- _Supplied data_
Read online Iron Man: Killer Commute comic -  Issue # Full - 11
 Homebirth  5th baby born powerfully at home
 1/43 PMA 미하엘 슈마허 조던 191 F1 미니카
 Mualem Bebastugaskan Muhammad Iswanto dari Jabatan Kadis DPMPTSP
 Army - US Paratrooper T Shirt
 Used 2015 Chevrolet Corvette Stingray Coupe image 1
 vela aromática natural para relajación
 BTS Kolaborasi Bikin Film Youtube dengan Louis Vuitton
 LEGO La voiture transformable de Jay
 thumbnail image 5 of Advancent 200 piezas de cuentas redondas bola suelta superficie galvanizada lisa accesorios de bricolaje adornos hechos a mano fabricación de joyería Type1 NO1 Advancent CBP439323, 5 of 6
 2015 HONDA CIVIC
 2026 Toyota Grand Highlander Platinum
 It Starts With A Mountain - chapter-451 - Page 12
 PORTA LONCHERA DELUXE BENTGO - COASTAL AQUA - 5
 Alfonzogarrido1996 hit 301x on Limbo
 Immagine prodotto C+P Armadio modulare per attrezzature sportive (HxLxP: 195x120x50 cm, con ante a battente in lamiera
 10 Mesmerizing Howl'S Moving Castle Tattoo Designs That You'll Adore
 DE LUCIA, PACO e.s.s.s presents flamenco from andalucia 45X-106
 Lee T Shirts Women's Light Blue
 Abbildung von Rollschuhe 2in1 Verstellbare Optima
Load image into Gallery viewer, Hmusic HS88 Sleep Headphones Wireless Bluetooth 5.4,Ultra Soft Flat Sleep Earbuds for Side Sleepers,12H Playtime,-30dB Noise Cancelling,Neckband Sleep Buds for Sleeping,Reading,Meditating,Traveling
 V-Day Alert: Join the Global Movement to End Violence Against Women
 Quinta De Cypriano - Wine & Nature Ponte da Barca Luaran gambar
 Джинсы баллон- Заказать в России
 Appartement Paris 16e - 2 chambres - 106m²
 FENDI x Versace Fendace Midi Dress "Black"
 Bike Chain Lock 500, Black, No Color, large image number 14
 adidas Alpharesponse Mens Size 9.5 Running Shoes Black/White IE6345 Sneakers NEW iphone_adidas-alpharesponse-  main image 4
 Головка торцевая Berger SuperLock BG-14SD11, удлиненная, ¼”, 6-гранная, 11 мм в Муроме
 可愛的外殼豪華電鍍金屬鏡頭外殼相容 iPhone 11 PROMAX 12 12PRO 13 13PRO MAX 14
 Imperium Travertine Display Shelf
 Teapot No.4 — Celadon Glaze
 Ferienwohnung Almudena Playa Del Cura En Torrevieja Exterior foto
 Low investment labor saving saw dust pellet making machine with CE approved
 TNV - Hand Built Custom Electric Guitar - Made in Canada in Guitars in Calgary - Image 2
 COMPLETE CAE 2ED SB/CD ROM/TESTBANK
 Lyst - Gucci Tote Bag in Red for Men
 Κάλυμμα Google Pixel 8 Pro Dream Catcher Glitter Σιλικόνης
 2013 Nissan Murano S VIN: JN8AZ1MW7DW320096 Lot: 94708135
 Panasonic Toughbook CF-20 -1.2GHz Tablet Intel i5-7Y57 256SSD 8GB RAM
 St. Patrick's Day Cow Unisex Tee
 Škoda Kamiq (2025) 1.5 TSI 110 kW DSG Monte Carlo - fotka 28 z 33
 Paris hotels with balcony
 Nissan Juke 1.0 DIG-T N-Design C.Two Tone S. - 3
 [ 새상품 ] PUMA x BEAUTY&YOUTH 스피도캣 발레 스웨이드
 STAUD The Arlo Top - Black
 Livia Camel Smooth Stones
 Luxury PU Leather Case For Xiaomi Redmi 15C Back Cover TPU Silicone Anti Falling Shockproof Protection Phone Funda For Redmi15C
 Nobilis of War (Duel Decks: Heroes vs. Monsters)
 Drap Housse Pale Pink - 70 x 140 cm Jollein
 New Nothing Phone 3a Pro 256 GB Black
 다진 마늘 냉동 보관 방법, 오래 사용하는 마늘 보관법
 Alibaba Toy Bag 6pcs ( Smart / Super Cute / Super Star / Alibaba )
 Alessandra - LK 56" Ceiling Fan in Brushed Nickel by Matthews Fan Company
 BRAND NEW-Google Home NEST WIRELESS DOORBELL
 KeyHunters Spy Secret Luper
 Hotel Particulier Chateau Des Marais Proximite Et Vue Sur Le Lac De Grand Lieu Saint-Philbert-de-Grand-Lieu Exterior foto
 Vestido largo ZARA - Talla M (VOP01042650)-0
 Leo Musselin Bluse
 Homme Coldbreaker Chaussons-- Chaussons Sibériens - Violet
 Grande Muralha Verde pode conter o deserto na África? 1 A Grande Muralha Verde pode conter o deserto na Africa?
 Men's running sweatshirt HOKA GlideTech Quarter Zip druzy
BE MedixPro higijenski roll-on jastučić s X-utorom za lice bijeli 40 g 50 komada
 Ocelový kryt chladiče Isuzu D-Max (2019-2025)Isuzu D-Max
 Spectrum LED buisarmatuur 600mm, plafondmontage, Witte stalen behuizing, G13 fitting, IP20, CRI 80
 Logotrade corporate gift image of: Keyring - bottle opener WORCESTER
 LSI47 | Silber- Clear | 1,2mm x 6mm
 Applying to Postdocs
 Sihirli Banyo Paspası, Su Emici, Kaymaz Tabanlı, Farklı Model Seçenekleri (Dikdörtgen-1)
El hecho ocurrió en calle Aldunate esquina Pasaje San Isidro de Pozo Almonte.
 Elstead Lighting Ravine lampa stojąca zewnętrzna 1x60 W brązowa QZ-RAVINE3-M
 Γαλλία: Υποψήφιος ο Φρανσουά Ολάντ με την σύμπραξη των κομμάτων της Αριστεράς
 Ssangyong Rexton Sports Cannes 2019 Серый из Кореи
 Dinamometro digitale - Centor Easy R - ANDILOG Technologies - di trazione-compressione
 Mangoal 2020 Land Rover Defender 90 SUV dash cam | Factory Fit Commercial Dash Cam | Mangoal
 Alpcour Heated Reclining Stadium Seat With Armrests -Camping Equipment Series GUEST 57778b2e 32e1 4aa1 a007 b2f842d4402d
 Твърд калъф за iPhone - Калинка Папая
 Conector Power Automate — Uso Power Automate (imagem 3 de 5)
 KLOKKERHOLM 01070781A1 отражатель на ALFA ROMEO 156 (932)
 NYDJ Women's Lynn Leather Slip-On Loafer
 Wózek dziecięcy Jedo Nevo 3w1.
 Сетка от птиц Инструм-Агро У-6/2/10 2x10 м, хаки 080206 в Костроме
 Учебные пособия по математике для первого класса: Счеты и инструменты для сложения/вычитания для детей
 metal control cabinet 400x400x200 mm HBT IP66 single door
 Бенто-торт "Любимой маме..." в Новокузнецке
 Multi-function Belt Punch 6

- _Task brief_
Beginning at the line with "Lyst - Gucci Tote Bag in Red for Men" and stopping after the line with "Homme Coldbreaker Chaussons-- Chaussons", please write out every line of the data above exactly and nothing else.

- _Exercise output_
 Lyst - Gucci Tote Bag in Red for Men
 Κάλυμμα Google Pixel 8 Pro Dream Catcher Glitter Σιλικόνης
 2013 Nissan Murano S VIN: JN8AZ1MW7DW320096 Lot: 94708135
 Panasonic Toughbook CF-20 -1.2GHz Tablet Intel i5-7Y57 256SSD 8GB RAM
 St. Patrick's Day Cow Unisex Tee
 Škoda Kamiq (2025) 1.5 TSI 110 kW DSG Monte Carlo - fotka 28 z 33
 Paris hotels with balcony
 Nissan Juke 1.0 DIG-T N-Design C.Two Tone S. - 3
 [ 새상품 ] PUMA x BEAUTY&YOUTH 스피도캣 발레 스웨이드
 STAUD The Arlo Top - Black
 Livia Camel Smooth Stones
 Luxury PU Leather Case For Xiaomi Redmi 15C Back Cover TPU Silicone Anti Falling Shockproof Protection Phone Funda For Redmi15C
 Nobilis of War (Duel Decks: Heroes vs. Monsters)
 Drap Housse Pale Pink - 70 x 140 cm Jollein
 New Nothing Phone 3a Pro 256 GB Black
 다진 마늘 냉동 보관 방법, 오래 사용하는 마늘 보관법
 Alibaba Toy Bag 6pcs ( Smart / Super Cute / Super Star / Alibaba )
 Alessandra - LK 56" Ceiling Fan in Brushed Nickel by Matthews Fan Company
 BRAND NEW-Google Home NEST WIRELESS DOORBELL
 KeyHunters Spy Secret Luper
 Hotel Particulier Chateau Des Marais Proximite Et Vue Sur Le Lac De Grand Lieu Saint-Philbert-de-Grand-Lieu Exterior foto
 Vestido largo ZARA - Talla M (VOP01042650)-0
 Leo Musselin Bluse
 Homme Coldbreaker Chaussons-- Chaussons Sibériens - Violet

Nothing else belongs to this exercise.